In his presentation, organizer of the workshop Leiden University’s Dr. Lindsay Black, made the case that the South China Sea disputes could not just be understood in terms of power dynamics. He said that the media, in discussing the disputes, was often very focused on the balance of power between these Asian nations, describing how nation’s asserted their strength or yielded to the might of others. But he argued there were also signs of “something else going on.”
Black pointed to the way in which the Association of South East Asian Nations (ASEAN) members were moving towards agreement on a code of conduct and the fact that China was proactively engaging other regional states. He said there were signs that recent developments were not just about balance of power but also about forms of cooperation.
Dr. Yih-Jye Hwang, also of Leiden University, further developed this argument that the South China Sea disputes could not be understood only in terms of material power. He described how those applying realist international relations concepts tended to look at the issue only in terms of power, ignoring the role of international laws and norms, and concluding as a result that conflict was inevitable.
However, he presented examples from his recent study indicating that international laws and norms, such as the United Nations Convention on the Law of the Seas, do still play a significant role in the dispute. States involved in the region, including the US and China, respond to these laws and to some extent modify their behaviour based on them.
Several other presentations sought to focus on and explain the behavior of particular Asian nations. Dr. Ito Go of Meiji University described how, after the Permanent Court of Arbitration made its award, China shifted its diplomatic strategy to concentrate more on bilateral ties, wooing individual regional states. Japan and the US responded with a combination of multilateral and bilateral approaches.
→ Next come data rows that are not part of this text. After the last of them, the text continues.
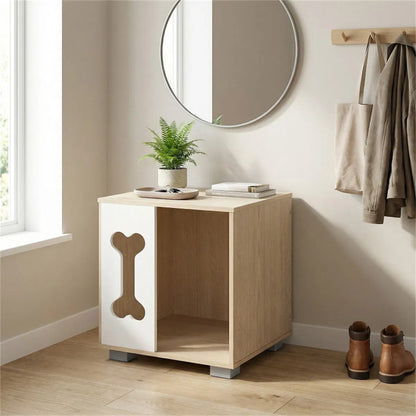 Cat Dog House Dog Bed Side Table Wooden Dog Condo with Bone-shape Window and Thick Metal Legs - view 3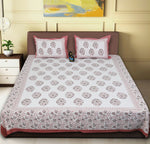 Thumbnail for Rudra Bazaar Pink 210 TC Cotton Double King Bedsheet With 2 Pillow Covers
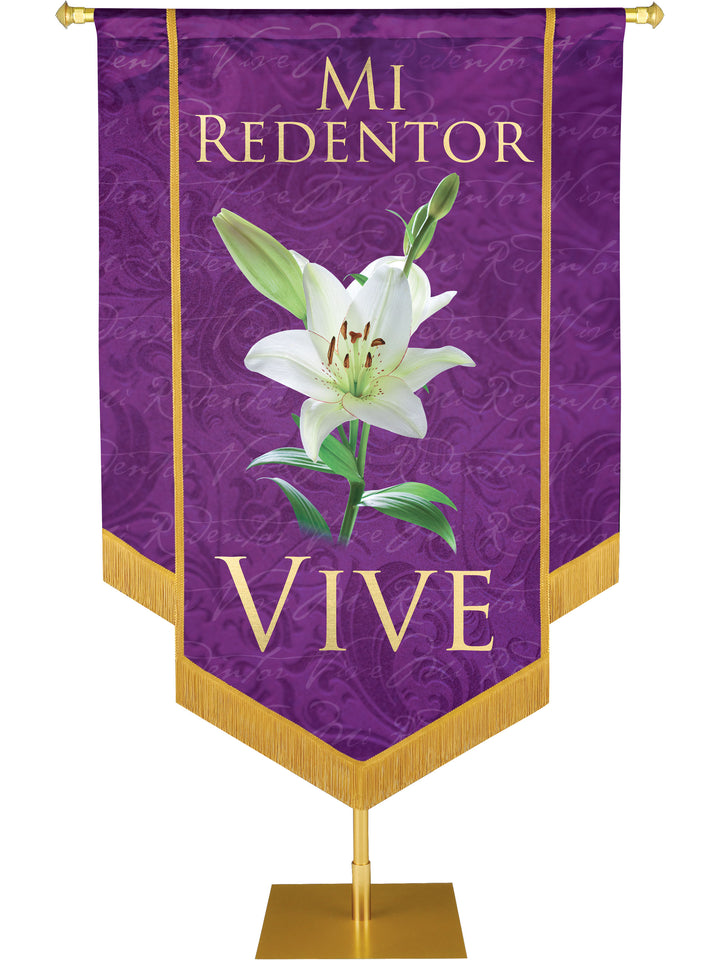 Mi Redentor Vive Embellished Banner - Handcrafted Banners - PraiseBanners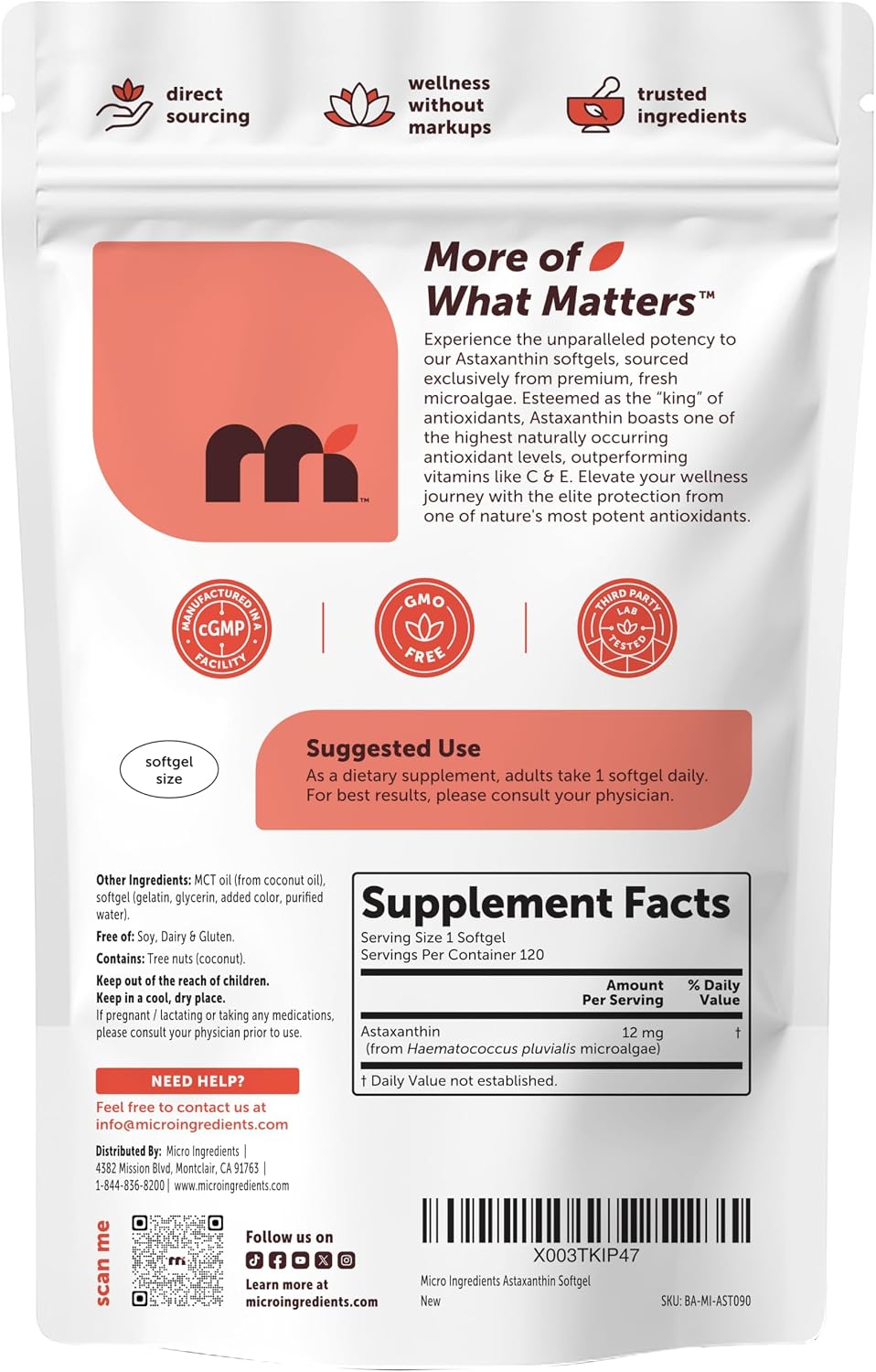Micro Ingredients Astaxanthin 12mg with MCT Oil, 120 Softgels, 4 Month Supply | Premium Astaxanthin Antioxidant Supplements* | Fresh Microalgae Source | Triple Strength, Non-GMO, Gluten Free, No Soy - PrimeBioHealth - canada supplements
Dr. Kyoko Hatakeyama, from Kansai Gadai University, drew on behavioral economics’ concept of ‘loss aversion’ to try to explain the Philippines and Japan’s differing approaches to the dispute. This concept suggests that people act in order to protect themselves from loss.
She argued that because the Philippines had already lost control of the Scarborough Shoal in 2012, it now felt it had nothing left to protect. As a result, it sought to maximize its gains by shifting away from the US and pursuing closer ties with China. The Philippines feels that it can maximize its gains by developing a good trading relationship with China. In contrast, she said, Japan wanted to protect the existing environment from which it had gained a great deal, so it contested China’s assertiveness.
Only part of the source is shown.